Scientists at the USDA Human Nutrition research Center on Aging at Tufts University understand why the results of a study concerning a single nutrient should not be considered in a vacuum; nutrients work in pathways that are dependent on other nutrients. In fact, in the case of Folic Acid they have discovered just that. Research shows that Folic Acid has an ability to lower the risk of developing colon cancer; a life threatening disease. They dug a little bit deeper and considered the Wnt pathway; a pathway that is involved in normal physiological, day-to-day processes, but a pathway that also plays an important part in the formation of colon cancer.

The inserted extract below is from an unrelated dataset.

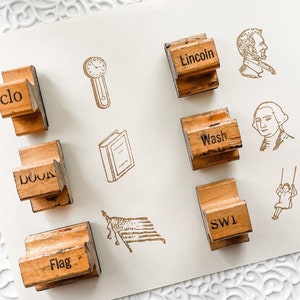 Puede incluir: Un conjunto de sellos de madera con varias palabras e imágenes, incluyendo "clo", "book", "Flag", "Lincoln", un reloj, un libro y retratos. Los sellos están dispuestos sobre una superficie blanca.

The scientists paired ninety-six mice and fed them diets with depletions in different combinations of B-Complex vitamins for 10 weeks to see if this caused an alteration in the Wnt pathway in the tissue lining their colon. They found that if the mice did not receive an adequate amount of particular B-Complex Vitamins they suffered with damage to their DNA strands. Simply lacking Folic Acid was not enough, if they lacked Folic Acid in conjunction with inadequate intake of Vitamin B2, B6, and B12, they had the disturbing changes to the pathway. Additionally, any disturbing changes that occurred at the molecular level caused by a Folic Acid deficiency was significantly magnified by a concurrent depletion of the other B-Complex Vitamins. If you have sufficient levels of these B-Vitamins there was the expected execution and demise of colon cancer cells, but without the combination of B-Vitamins the ability to kill the cancer cells was attenuated (lessened).

The take home message is that a mild deficiency of Folic Acid may not cause an alteration in the Wnt pathway but in the presence of mild deficiencies of other B-Complex Vitamins (B2, B6, and B12) can result in dangerous alterations that increase the risk of colon cancer. The study is published in the December 2007 issue of The Journal of Nutrition.